▶ **Information shown**:
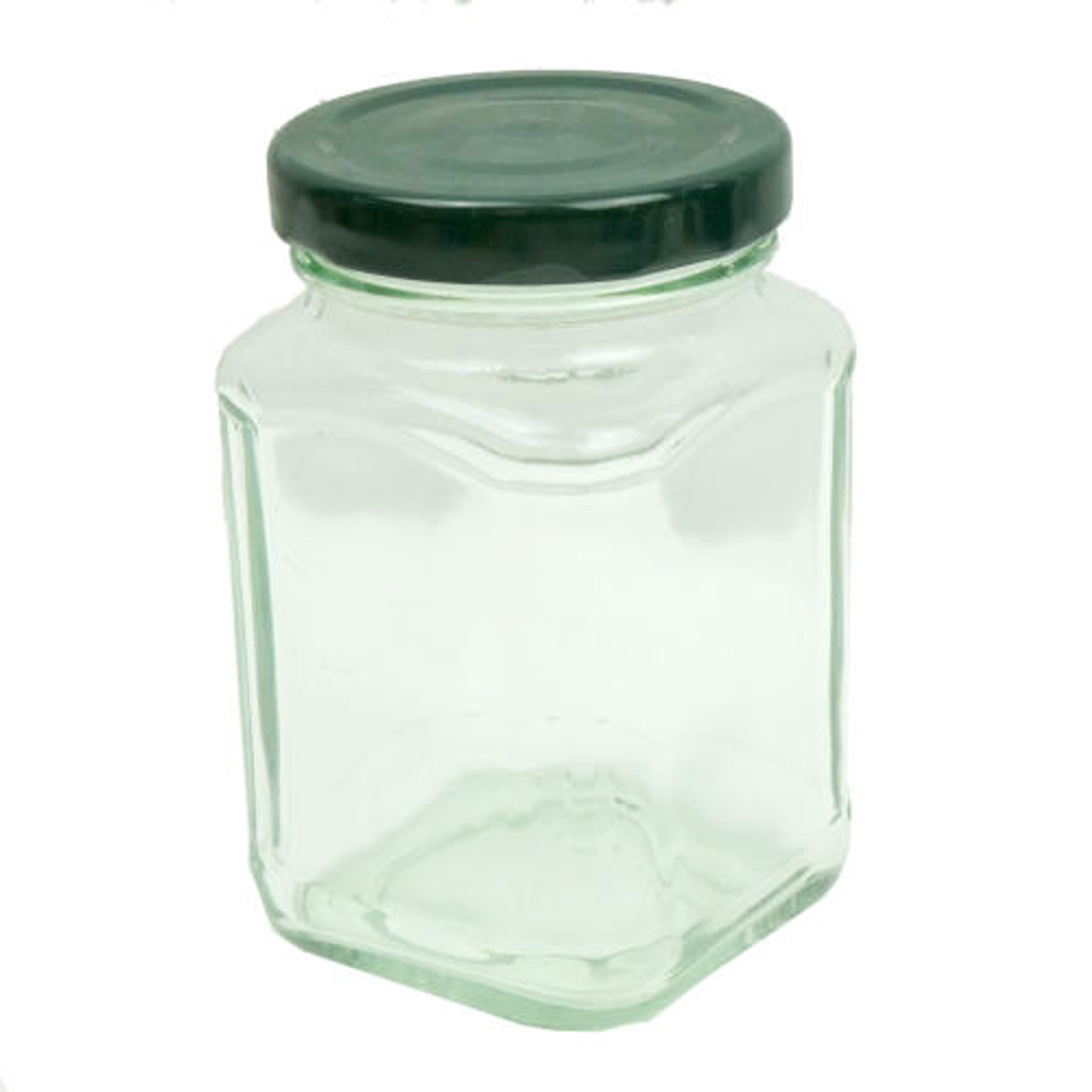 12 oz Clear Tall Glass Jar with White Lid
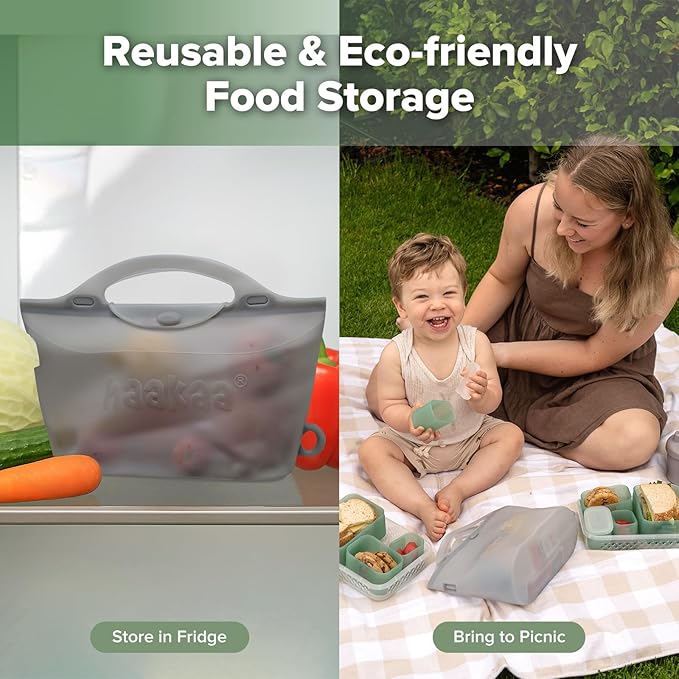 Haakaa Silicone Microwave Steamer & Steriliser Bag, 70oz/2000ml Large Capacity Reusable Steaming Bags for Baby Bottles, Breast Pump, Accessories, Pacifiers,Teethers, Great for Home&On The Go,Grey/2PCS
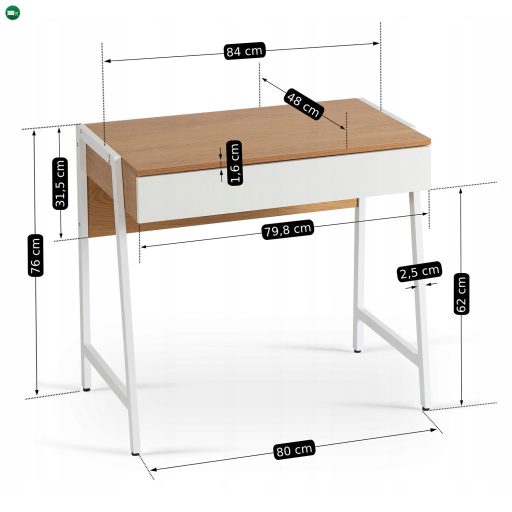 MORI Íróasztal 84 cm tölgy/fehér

▶ **What is expected**: Once the pictures are removed, copy the listing exactly.

▶ **Response to the task**:
 12 oz Clear Tall Glass Jar with White Lid
 Haakaa Silicone Microwave Steamer & Steriliser Bag, 70oz/2000ml Large Capacity Reusable Steaming Bags for Baby Bottles, Breast Pump, Accessories, Pacifiers,Teethers, Great for Home&On The Go,Grey/2PCS
 MORI Íróasztal 84 cm tölgy/fehér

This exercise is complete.